Il 13 novembre, Andrea Petrini, responsabile eventi per Slow Food, ha organizzato presso lo Spazio Fare del Mercato Centrale di Roma un incontro con l’Associazione G.R.A.S.P.O., intitolato "Vitigni del passato per i vini del futuro: le degustazioni impossibili di G.R.A.S.P.O.". Durante l’evento, è stato presentato il libro dell’associazione che racconta il lavoro di oltre 150 aziende impegnate nella conservazione di più di 200 vitigni rari, offrendo una visione di come queste varietà possano rappresentare un’opportunità per il futuro della viticoltura italiana.
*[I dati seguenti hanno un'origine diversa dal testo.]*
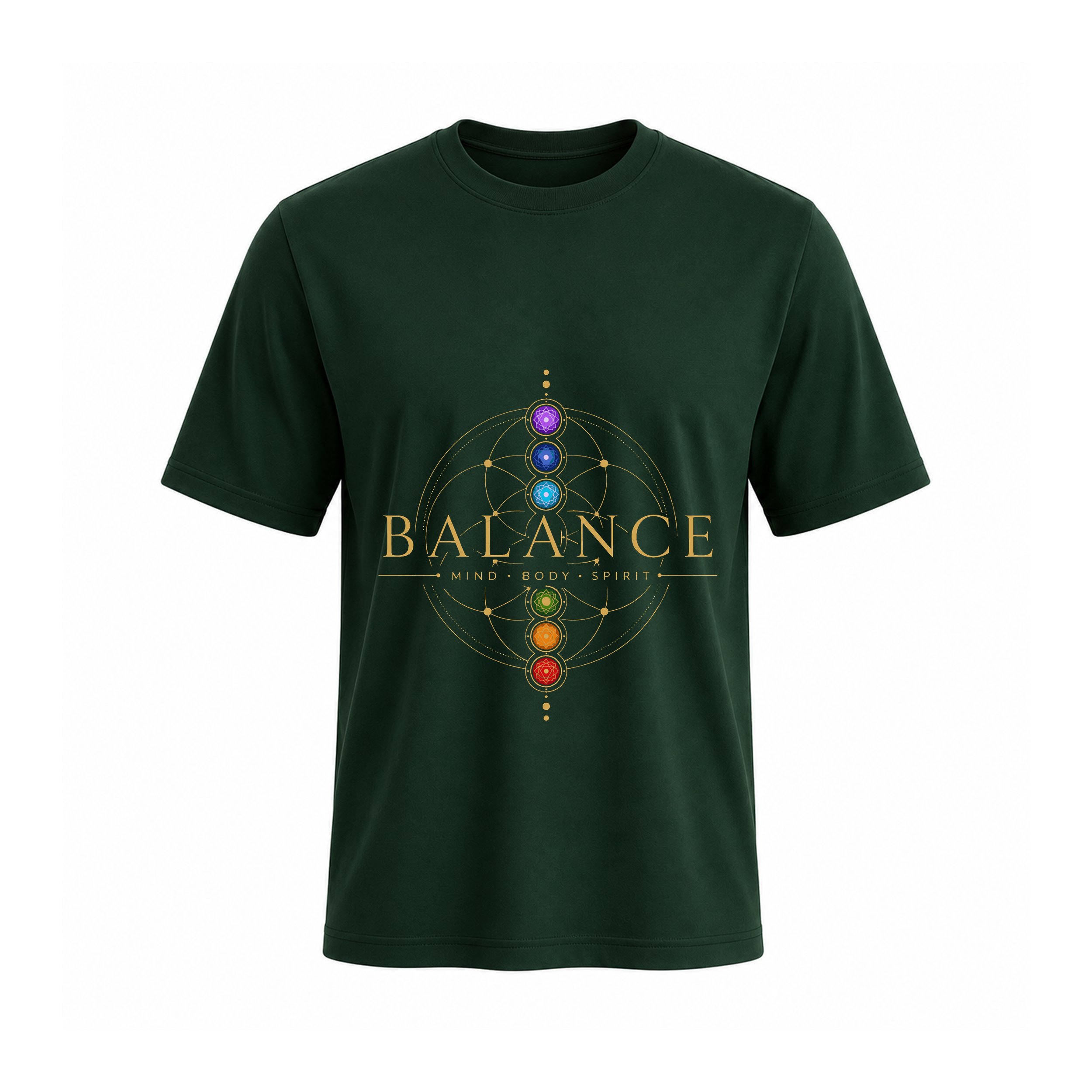 SIIEGE Balance Round Neck Soft Cotton T-Shirt For Men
L’evento è stato impreziosito da interventi di Aldo Lorenzoni e Luigino Bertolazzi, fondatori di G.R.A.S.P.O., Edoardo Ventimiglia di Sassotondo e Andrea Petrini di Slow Food Roma.
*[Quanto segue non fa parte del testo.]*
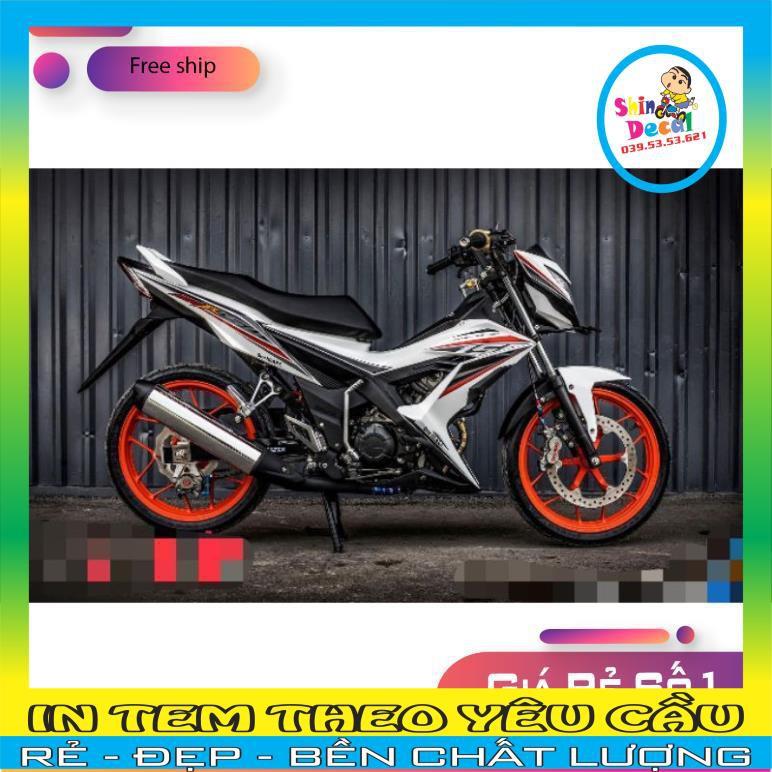 TEM RỜI SONIC 150 TRẮNG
G.R.A.S.P.O.: UN PROGETTO PER LA TUTELA DEL PATRIMONIO
VITIVINICOLO
L’associazione G.R.A.S.P.O. si dedica alla salvaguardia e valorizzazione dei vitigni antichi e minori, promuovendo la loro identità storica e culturale. La sua attività comprende ricerca scientifica, collaborazioni con enti pubblici e privati, e progetti di recupero volti a preservare la biodiversità, sostenendo nel contempo lo sviluppo rurale e l’innovazione enologica. Oltre a sensibilizzare sulle potenzialità di questi vitigni, l’associazione sottolinea l’importanza di un equilibrio tra tradizione e sostenibilità, restituendo dignità a un patrimonio vinicolo unico.
UN VIAGGIO TRA I VITIGNI STORICI E I VINI SPERIMENTALI
Tra i protagonisti della serata sono stati presentati alcuni vitigni antichi, ognuno con una storia affascinante e un legame profondo con il territorio.
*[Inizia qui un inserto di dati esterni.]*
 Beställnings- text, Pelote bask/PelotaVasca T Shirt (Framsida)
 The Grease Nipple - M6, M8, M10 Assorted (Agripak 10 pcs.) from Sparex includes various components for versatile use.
Una delle peculiarità dell’incontro è stata la degustazione di 11 vini, di cui solo il Nocchianello Nero è attualmente in commercio, mentre gli altri sono frutto di microvinificazioni sperimentali realizzate in acciaio per esaltare la purezza delle uve, senza interventi enologici complessi. Questi vini rappresentano l’essenza autentica di ciascun vitigno, offrendo un’anteprima delle potenzialità di varietà ancora poco conosciute.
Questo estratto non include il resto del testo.